▸ What the exercise asks
Leaving pictures aside, set down each line exactly, from the first line of the data to the line with "Sineu, Spain - October", both included.

▸ Data segment
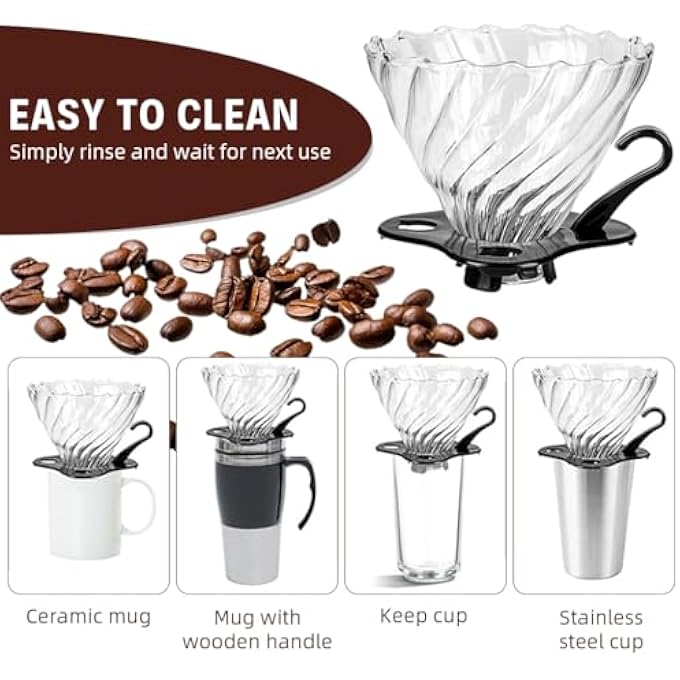 HASTHIP V60 Glass Coffee Dripper With Handle And BasePour Over Coffee Maker With StandReusable Glass Cone Manual PourOver Brewer For 34 Cups Compatible V60 Filters Easy Clean - Image 5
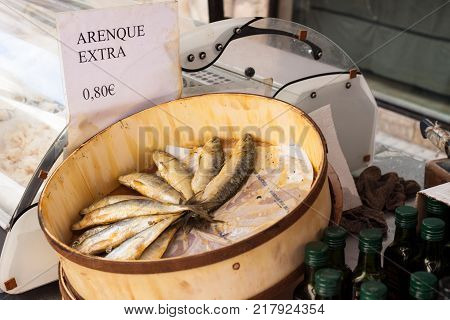 Sineu, Spain - October 18, 2017: Herring (arenque) extra for sale at Sineu market Majorca Spain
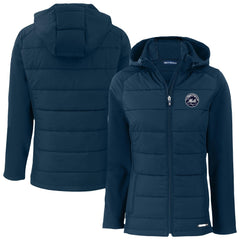 New York Mets Cutter & Buck Women's Evoke Hybrid Eco Softshell Recycled Full-Zip Hooded Jacket - MLB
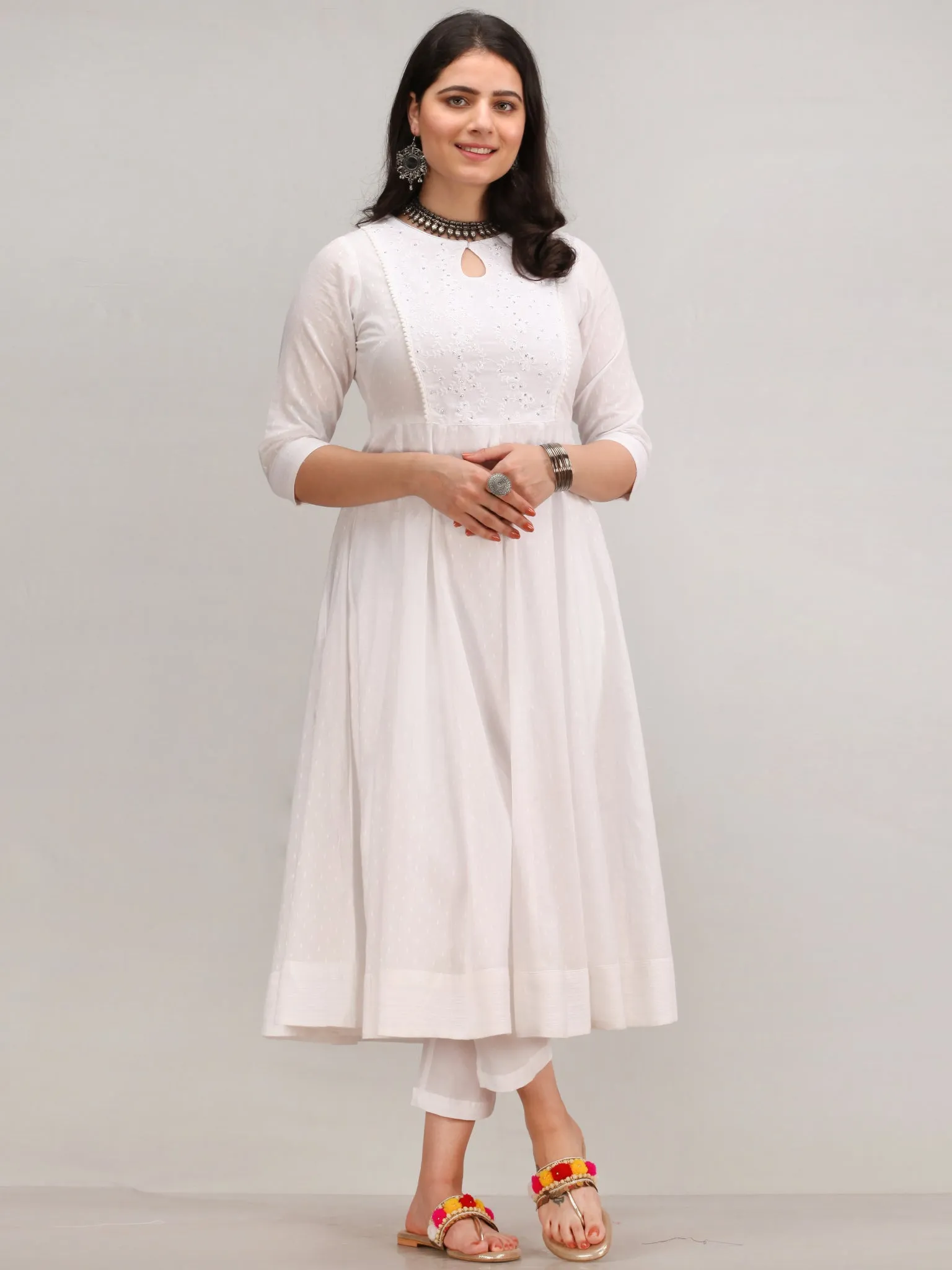 Noor Maher - Self Embroidered Anarkali Kurta Pant Set With Mirror Work Dupatta - KS37AXXD2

▸ Response box
 HASTHIP V60 Glass Coffee Dripper With Handle And BasePour Over Coffee Maker With StandReusable Glass Cone Manual PourOver Brewer For 34 Cups Compatible V60 Filters Easy Clean - Image 5
 Sineu, Spain - October 18, 2017: Herring (arenque) extra for sale at Sineu market Majorca Spain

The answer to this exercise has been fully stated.